The last variable in this formula the H which stands for both Habituation and Habit Formation.  Habituation is what happens when you both mentally and physiologically acclimate to a situation or set of circumstances. An example of this is when you do something repeatedly or are stimulated over and over in the same way, causing your system to set up internal loops to handle the stimuli without thinking. The result is that you become less and less sensitive to it; it has become habituated.

Additionally, repetition causes the actions to drop into unconscious control.  This is also called a habit.  In fact, the habit that is formed in this type of condition not only is positive, productive and powerful, it is also how you can re-program to go from doing those things that are not in the interests of your highest and best self to doing those things that are. If you follow this formula in earnest, you will experience a substantive increase in your skill building capacity which will positively affect ever area of your life.

Trading is a process-oriented endeavor for those who are serious about becoming and remaining a consistently successful trader.  In any one trade it is not about the outcome, it’s about how well you implement and execute.  You must reserve all your focus to be honed on what you are doing and how you are doing it

SK (P + ER + FL + H) =SB

SK – Specialized Knowledge: Knowledge specific to the endeavor.

P – Protocols: Ordered Steps towards an aim or goal.

ER – Effective Routines: Well chosen, written down, prioritized checklist.

FL – Feedback Loop: Verify, measure, and document data.

H – Habituation / Habit Formation: Above dropped into unconscious control.

SB – Skill Building: Each step of this process needs to be evaluated regularly to avoid becoming calcified as dogma.

Learning is a system. Any system can be improved upon. Whether or not you realize it, you have a system in your mind right now that dictates how you learn. By identifying patterns in your failure in your current system, you can identify weak points in your learning system. The more efficient your learning system, the faster you learn. This is slow at first, but over time the compounding effect of improving your system far outweighs the effort it takes to improve it.

Real-life story time. I mentioned that I started teaching my son how to learn in the third grade. I didn’t hit him with the formula, I just explained. I started with identifying his learning process failures. As he completed his homework, I would have him teach it to me. Letting your children teach you is great for many reasons, but I will stay on topic. In becoming the student, I’m watching for mistakes or inefficiencies in his learning process. Everyone makes mistakes. I wasn’t standing over him waiting to pounce on his mistakes. When he got something wrong, or I knew a better way of doing something, I would ask how he got to that answer. I wouldn’t even tell him the answer was wrong. Failure is never treated negatively in my house but that will be covered later. As he’s explaining to me how he came to that conclusion, I’m looking for where his logic steered him in the wrong direction. I focus on correcting the learning process, not the answer. Over time, I saw patterns in his learning process. Because I have put in the work to become good at learning, I slowly changed the logic he was using that steered him in the wrong direction and replaced it with a more efficient logic that would get him to the right answer.

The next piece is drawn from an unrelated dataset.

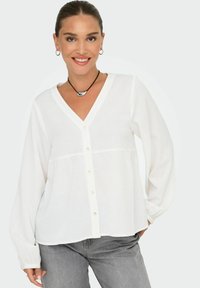 Biely dlhý rukáv blouse s V-výstrihom, predným zapínaním na gombíky a detailom s nariaseným pásom. Mäkka tkanina s hladkou textúrou. Nosené cez šedé džínsy.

Over time, he dropped all the logic that was leading him the wrong way and we started increasing his learning skills by teaching him more and more advanced learning strategies. It became a game of how fast can he complete a task with a perfect score and complete comprehension. School is no longer intimidating because he knows he can learn anything they are teaching him. It just comes down to how long it will take to learn and complete the task. That is a huge confidence booster as he navigates the adolescent world of hormones and social awkwardness.

Imagine if you had that kind of confidence. How it would feel to know you could handle any task your boss or the world handed you. How much more valuable would you be to your company? What impact would it have on your family if your ability to problem solve increased 5 or 10 fold? Getting good at learning has an immediate and permanent positive impact across all areas of your life.